As an important biological fluid in the human oral cavity, saliva is convenient to collect without any invasive manipulations. Investigators have identified many salivary mRNA biomarkers such as Kras, ACRV1, and MBD3L2 to distinguish pancreatic cancer patients from healthy controls and achieved a higher accuracy by combining these biomarkers even in discriminating patients with pancreatitis [111, 112]. Additionally, salivary metabolites and microbiota have also been studied for their diagnostic value in pancreatic cancer patients and serve as potential biomarkers [113, 114]. In addition, Radon et al. [115] identified a panel of three proteins in urine samples (LYVE-1, REG1A, and TFF1) for pancreatic cancer diagnosis through an in-depth proteomics analysis using mass spectrometry. This panel exhibited an AUC of 0.90 (95% CI = 0.84–0.96) when comparing PDAC stage I-II to healthy urine and showed a higher AUC of 0.97 (95% CI = 0.94–0.99) when matching plasma CA19-9 levels. It was reported that urinary miRNAs (miR-143, miR-223, and miR-30e) were significantly over-expressed in patients with PDAC stage I comparing with age-matched healthy individuals, and possessed potential diagnostic value in distinguishing patients with early pancreatic cancer from healthy individuals or patients with chronic pancreatitis [116].

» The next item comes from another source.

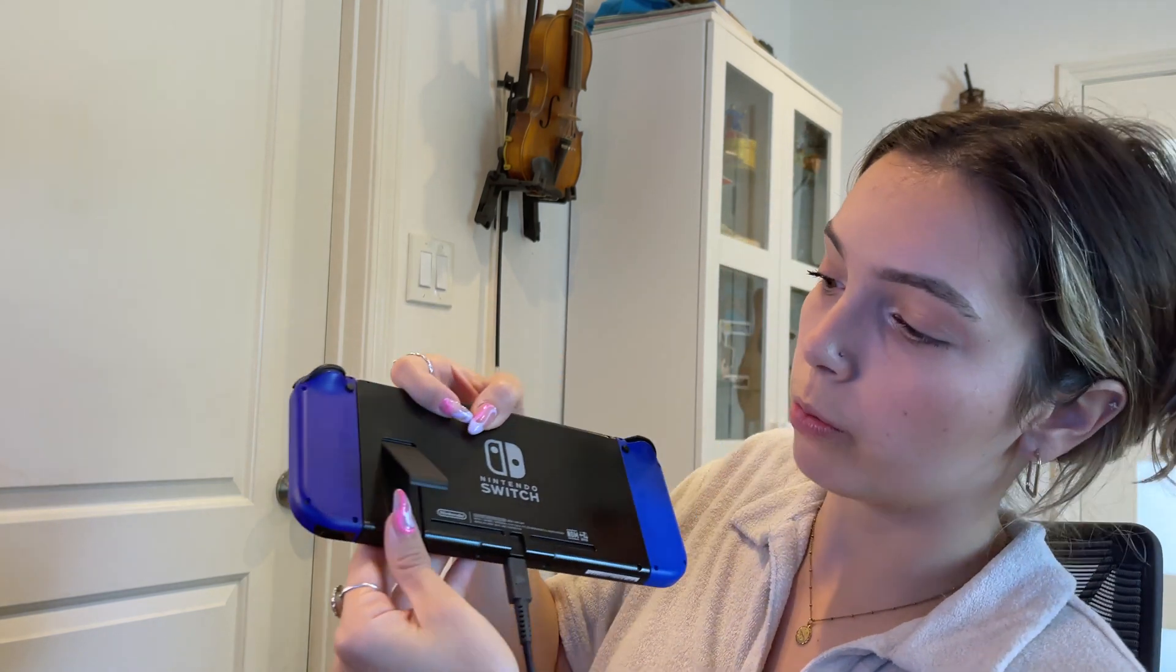Okay, so I have my Switch connected to a USB-C cord connected to my computer. And now I'm just going to put the SD card in.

There have been many studies that focused on liquid biopsies aiming to improve the early diagnosis of pancreatic cancer. However, the challenges emerge when it comes to their actual clinical application. This technique is not yet a standard tool. As Catherine Alix-Panabières, a cancer cell biologist at the University Medical Centre of Montpellier, said, more interventional clinical trials are still needed, as well as the development of an algorithm to integrate multiple appropriate liquid biomarkers, where policymakers and industry must step in as well [20].